Segment Start: Information given

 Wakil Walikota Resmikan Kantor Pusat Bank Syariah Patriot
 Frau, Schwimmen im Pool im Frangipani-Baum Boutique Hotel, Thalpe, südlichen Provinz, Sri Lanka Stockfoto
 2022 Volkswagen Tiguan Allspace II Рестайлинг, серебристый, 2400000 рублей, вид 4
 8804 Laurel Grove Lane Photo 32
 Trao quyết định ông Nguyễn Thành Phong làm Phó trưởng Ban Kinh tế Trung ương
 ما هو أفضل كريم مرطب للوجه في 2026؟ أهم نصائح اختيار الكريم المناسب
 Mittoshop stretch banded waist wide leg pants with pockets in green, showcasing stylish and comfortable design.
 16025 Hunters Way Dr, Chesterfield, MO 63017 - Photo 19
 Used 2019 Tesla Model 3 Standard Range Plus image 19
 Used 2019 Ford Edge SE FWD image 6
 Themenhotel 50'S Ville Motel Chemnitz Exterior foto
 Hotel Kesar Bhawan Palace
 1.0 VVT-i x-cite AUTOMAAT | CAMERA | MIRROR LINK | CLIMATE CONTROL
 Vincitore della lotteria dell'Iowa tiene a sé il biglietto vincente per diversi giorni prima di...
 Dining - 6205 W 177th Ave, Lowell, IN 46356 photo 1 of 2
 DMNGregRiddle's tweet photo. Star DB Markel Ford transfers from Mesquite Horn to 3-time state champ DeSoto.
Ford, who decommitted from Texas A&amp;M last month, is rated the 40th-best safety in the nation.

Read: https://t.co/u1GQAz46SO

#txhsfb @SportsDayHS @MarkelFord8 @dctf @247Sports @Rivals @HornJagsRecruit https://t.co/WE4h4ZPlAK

Segment End: Information given

Every line above has to be restated word for word.

 Wakil Walikota Resmikan Kantor Pusat Bank Syariah Patriot
 Frau, Schwimmen im Pool im Frangipani-Baum Boutique Hotel, Thalpe, südlichen Provinz, Sri Lanka Stockfoto
 2022 Volkswagen Tiguan Allspace II Рестайлинг, серебристый, 2400000 рублей, вид 4
 8804 Laurel Grove Lane Photo 32
 Trao quyết định ông Nguyễn Thành Phong làm Phó trưởng Ban Kinh tế Trung ương
 ما هو أفضل كريم مرطب للوجه في 2026؟ أهم نصائح اختيار الكريم المناسب
 Mittoshop stretch banded waist wide leg pants with pockets in green, showcasing stylish and comfortable design.
 16025 Hunters Way Dr, Chesterfield, MO 63017 - Photo 19
 Used 2019 Tesla Model 3 Standard Range Plus image 19
 Used 2019 Ford Edge SE FWD image 6
 Themenhotel 50'S Ville Motel Chemnitz Exterior foto
 Hotel Kesar Bhawan Palace
 1.0 VVT-i x-cite AUTOMAAT | CAMERA | MIRROR LINK | CLIMATE CONTROL
 Vincitore della lotteria dell'Iowa tiene a sé il biglietto vincente per diversi giorni prima di...
 Dining - 6205 W 177th Ave, Lowell, IN 46356 photo 1 of 2
 DMNGregRiddle's tweet photo. Star DB Markel Ford transfers from Mesquite Horn to 3-time state champ DeSoto.
Ford, who decommitted from Texas A&amp;M last month, is rated the 40th-best safety in the nation.

Read: https://t.co/u1GQAz46SO

#txhsfb @SportsDayHS @MarkelFord8 @dctf @247Sports @Rivals @HornJagsRecruit https://t.co/WE4h4ZPlAK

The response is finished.